EDITOR NOTE: As with physical cash, digital currencies are not immune to the risks of fractional reserve banking. A convenient system of digital transactions, stablecoins are just as, if not even more, vulnerable to bank runs. Think of a cybersecurity breach, or any event that can cause holders to doubt the stability of the coin’s sponsor, and you have a potential bank run on your hands, to which financial institutions will have to begin liquidating assets to absorb their losses. Rather than enhancing or bolstering the efficiency of the banking system, stablecoins can amplify the opposite, giving the system and its holders yet another worrisome layer of fragility.
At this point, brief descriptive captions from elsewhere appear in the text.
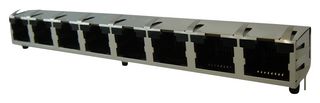 AMPHENOL COMMUNICATIONS SOLUTIONS RJHSE-5381-08 Modular Connector, Right Angle, RJ45 Jack, 1 x 8 (Ganged), 8P8C, Cat5, Through Hole Mount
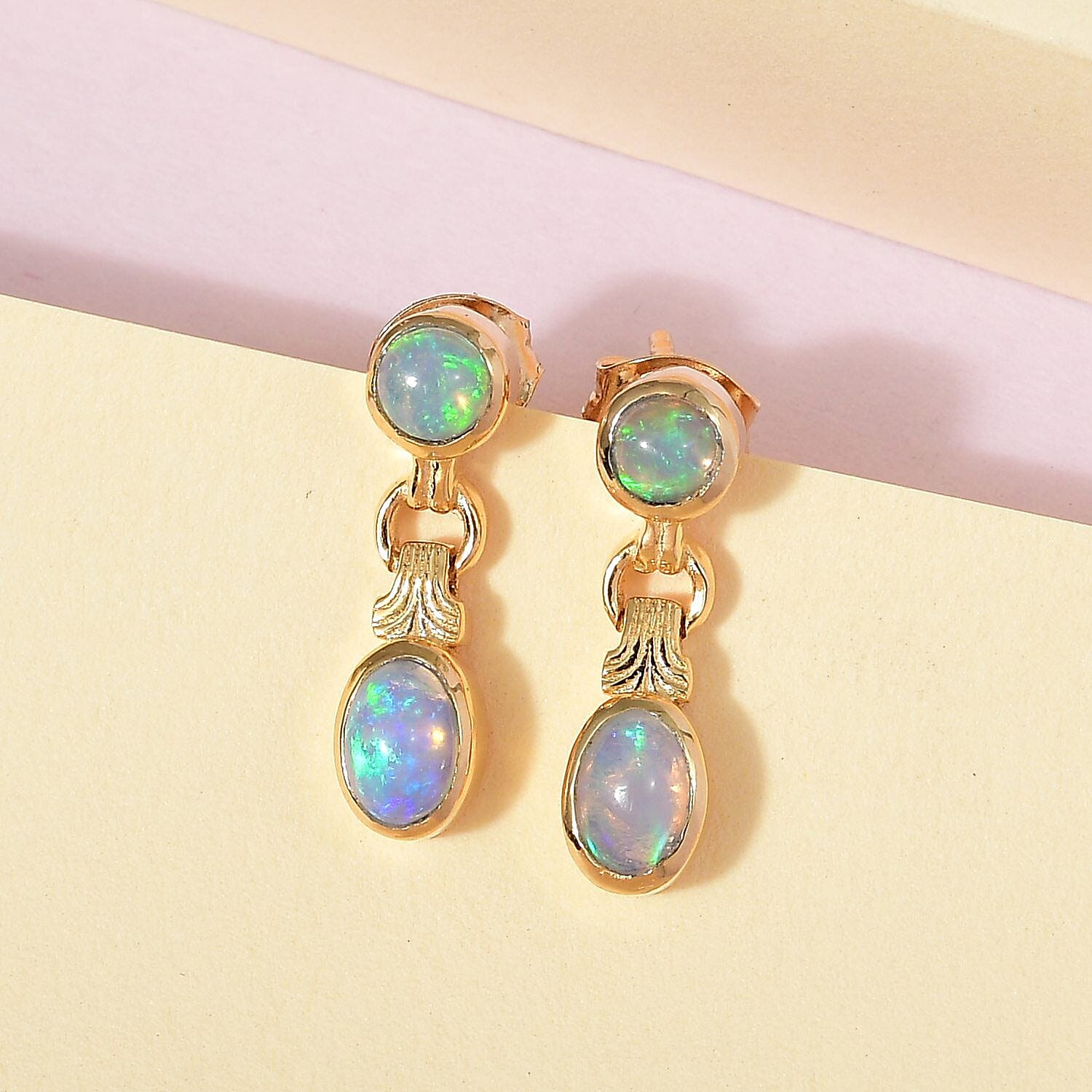 Ethiopian Welo Opal Earrings in 18K Yellow Gold Vermeil Plated Sterling Silver 1.06 Ct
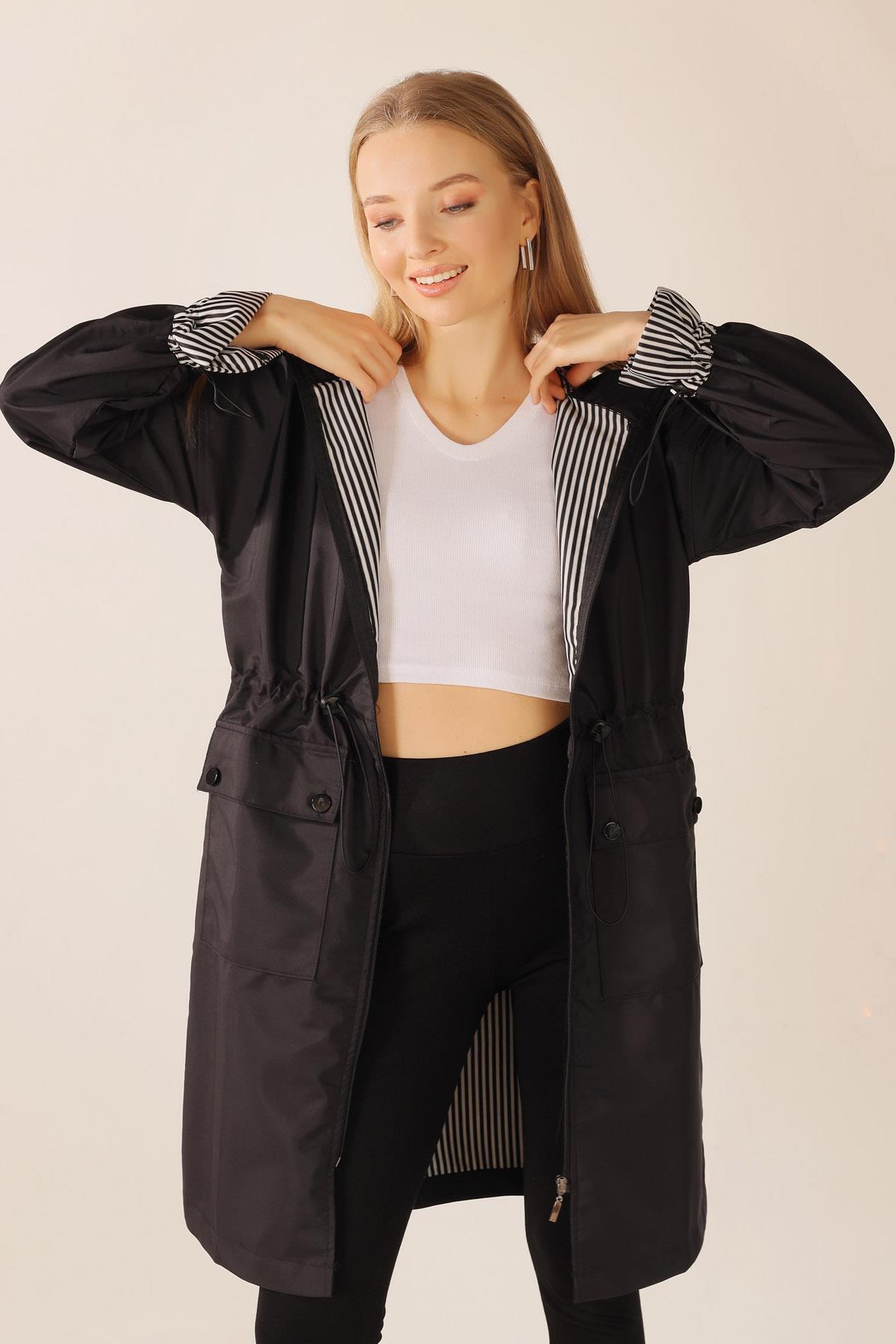 Siyah Kapüşonlu Bel Lastikli Trençkot 9225 - 3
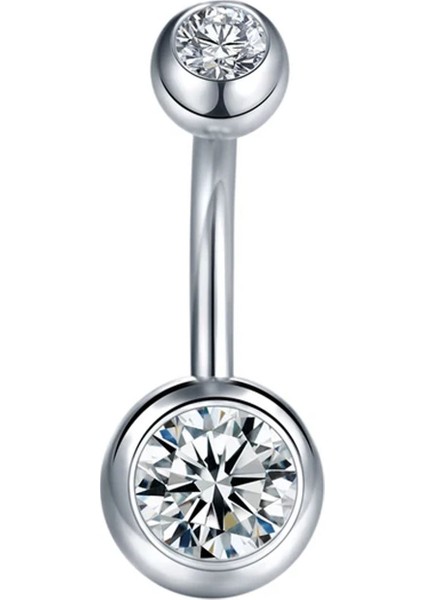 Çift Taraflı Zirkon Taşlı Göbek Piercing – 316L Cerrahi Çelik - Belly Button Piercing - Farklı Boyut Seçenekleri fiyatları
In the US, the OCC has granted banks the authority to custody stablecoins this week, and proclamation SIL20449 aims to have digital wallets created for all Americans by January 1st, 2021. Are we rushing into a financial slaughterhouse?
The European Central Bank (ECB) is worried that a stablecoin version of a bank run could endanger financial stability.
Bank runs occur when people worried about a bank’s stability start withdrawing deposits, convincing more and more customers to withdraw funds in a panic as well—actually endangering the bank’s stability.
In a Sept. 22 report, the ECB suggested that “fragilities within the stablecoin arrangement itself, and its links to the financial system, may give rise to financial stability risks.”
Specifically, it said stablecoins are vulnerable to so-called liquidity “runs” if consumers fear that the token may lose its value. In such instances, the stablecoin may stop functioning normally and its redemption may not be possible in the usual way.
Such runs could take place as a reaction to hacks against the systems, wallet thefts, or even simple consumer doubt concerning the value of the stablecoin, the ECB added.
In a large, widely used stablecoin, such instances could have far-reaching consequences, according to the ECB:
“Runs could also occur in the case of an arrangement that guarantees redeemability at face value—if the stablecoin sponsor is perceived as lacking sufficient loss-absorbing capacity. In these events, the liquidation of assets to cover redemptions could have negative contagion effects on the financial system.”
Which is to say that a stablecoin run could spread far beyond the world of cryptocurrency.
And widely used stablecoins are likely coming. As Modern Consensus reported yesterday, ECB President Christine Lagarde recently suggested that its central bank digital currency—the digital euro— will leave room for privately issued stablecoins such as Facebook’s Libra.
Changes are coming to the stablecoin space
The ECB report follows a July call by the Financial Action Task Force (FATF) to clamp down on “so-called stablecoins.” The institution claimed because those assets’ “propensity for mass adoption makes them more vulnerable to be used by criminals and terrorists.”
FATF’s concern over stablecoins and their adoption should be seen as particularly alarming to industry insiders as the organization sets the standards of anti-money laundering and counter-terrorist financing regulation. The organization believes that stablecoins should follow the same standards that are being used to stop criminals from using other virtual assets.
While the FATF has only 37 members, over 200 countries follow its guidelines as a failure to do so can result in the country being cut out from the global financial system. Because of this, major changes should be expected in the stablecoin industry.